# Comparison dataset creation

- Create a comparison dataset from common programming languages and frameworks like JavaScript, Python, Svelte, React
- [See details in create-reduced-dataset.ipynb](./create-reduced-dataset.ipynb)
- We tested both Brotli (default level) and Zstd compression (level 19). Because of the English language dataset, both compressions are par at Brotli 1.3GB vs. Zstd 1.3GB.

In [None]:
import pandas as pd

# Read tags
tags_df = pd.read_parquet("other-tags.parquet")

#: In SO export tags are concatenated string that looks like this
#: <winapi><visual-c++><mfc>
formatted_tags = [f"<{t}>" for t in tags_df["TagName"]]
print("Formatted tags look like:", formatted_tags[0:5])
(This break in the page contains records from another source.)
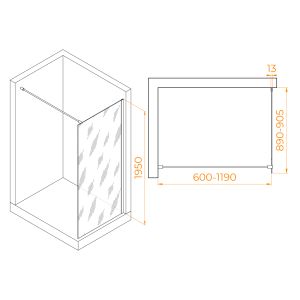 Душевая перегородка RGW WA-010B 351001009-24 90см чёрный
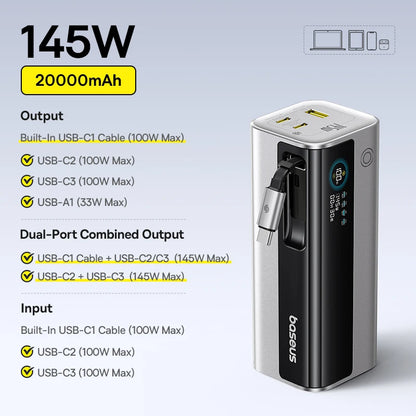 Baseus 145W Power Bank 20800mAh Dual USB A USB C PD 100W Fast Charging Digital Display Portable PowerBank for Laptop Phone Steam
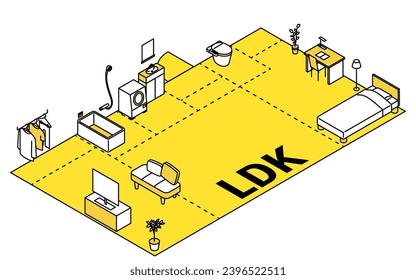 Moving floor plan image, 2LDK, isometric illustration with simple line drawings, Vector Illustration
tags_regex = "|".join(formatted_tags)

In [None]:
from tqdm.auto import tqdm
from pandas.io.parsers.readers import TextFileReader

chunk_size = 2**16  # 64k rows at a time
result_df: pd.DataFrame = None
matched_chunks: list[pd.DataFrame] = []
match_count = row_count = 0

with tqdm() as progress_bar:

    reader: TextFileReader

    rows_read = 0

    with pd.read_csv("csv/Posts.csv", chunksize=chunk_size) as reader:
        chunk: pd.DataFrame
        for chunk in reader:
            
            # Make Tags column regex friendly
            chunk["Tags"] = chunk["Tags"].fillna("")
            
            # Find posts in this chunk that match our tag filter
            matched_chunk = chunk.loc[chunk["Tags"].str.contains(tags_regex, case=False, regex=True)]
            
            matched_chunks.append(matched_chunk)

            match_count += len(matched_chunk)
            row_count += len(chunk)

            last = chunk.iloc[-1]

            # Show the date where the filter progres is going.
            # We are finished when reaching 2023-06
            progress_bar.set_postfix({
                "Date": last["CreationDate"],      
                "Matches": match_count,      
                "Total rows": f"{row_count:,}",
            })

            # Display rows read as a progress bar,
            # but we do not know the end
            progress_bar.update(len(chunk))


result_df = pd.concat(matched_chunks)

# Parse dates
result_df["CreationDate"] = pd.to_datetime(result_df["CreationDate"], format='ISO8601')


In [None]:
# Write out to disk
# 1.3GB
result_df.to_parquet("other-questions.parquet", compression="brotli")

# zstd level=19 1.3GB
# result_df.to_parquet("other-questions.parquet", engine='pyarrow', compression='zstd', compression_level=15)

print(f"We have total {len(result_df)} other questions and answers")